There are many more examples that seem like random individual meltdowns, but they all matter – they are as complex a power play the Trump administration can muster in its three-pronged strategy, along with fighting math in the courts and working up the base with baseless claims of voter fraud.
This strategy – using the war on election math to hinder Biden’s transition as much as bureaucratically possible – is what is left if the other two don’t work and it offers valuable insight into the administration and what they really think of their opponent, Joe Biden.
About this time four years ago. Chris Christie, then the governor of New Jersey and a late-to-the-bandwagon Trump supporter, volunteered for the thankless task of heading the transition team of the newly elected Donald J. Trump.
It was an offer Trump initially rejected because, according to Michael Lewis, author of “The Fifth Risk,” which talks about the missed opportunities of Trump’s own transition, “why did anyone need to plan anything before he actually became president?”
Well, Christie said, it was required.
The Presidential Transition Act, which Congress first passed in 1963 and has been amended four times -- as recently as 2019 – to “recognize the increasing complexities of presidential transitions” was passed to ease and promote the orderly transfer of power because “any disruption occasioned by the transfer of executive power could produce results detrimental to the safety and well-being of the United States and its people.”
The act has key national security implications as well that involve background checks for the high-level members of the new administration so they could be done by the inauguration. The president-elect, under the act, is required to be given a classified summary as soon as possible after the election on national security threats, covert military operations and pending decisions on possible uses of military force.
So yes, the transition is a big deal and while Trump didn’t know that four years ago, he knows it enough now to try to impede Biden’s administration by pretending there remains some way the courts can shake out a few votes that Joe Biden will just give up and leave. And, if Biden’s stubborn enough to stay, well, he’ll be behind the eight-ball, won’t get anything accomplished and half the country will be against him.

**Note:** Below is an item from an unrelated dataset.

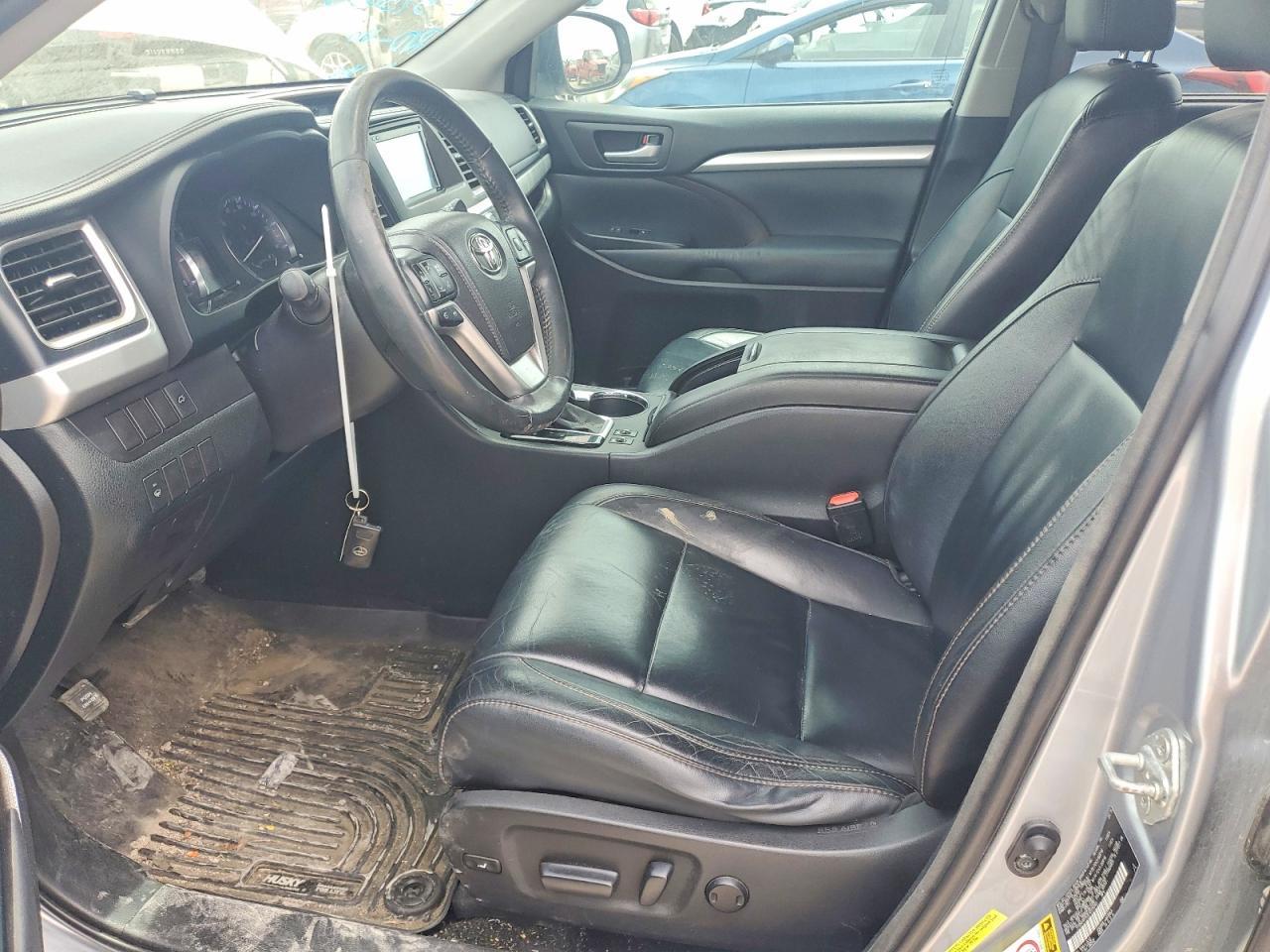 2014 TOYOTA HIGHLANDER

But Biden isn’t some outsider who doesn’t know how Washington works. He’s spent 36 years in the Senate and ran for president one time more than Trump has. He has connections, including Trump’s predecessor, many of whom are experts in their field.
Unlike Trump four years ago, Biden knows the act and what he should be getting from it. Biden will listen to the experts, though they are being purged from the Trump administration at a rapid rate.
Joe Biden also has the resources and knowledge base to still have a functional government and a peaceful transfer of power the third week of January, regardless of what Trump does.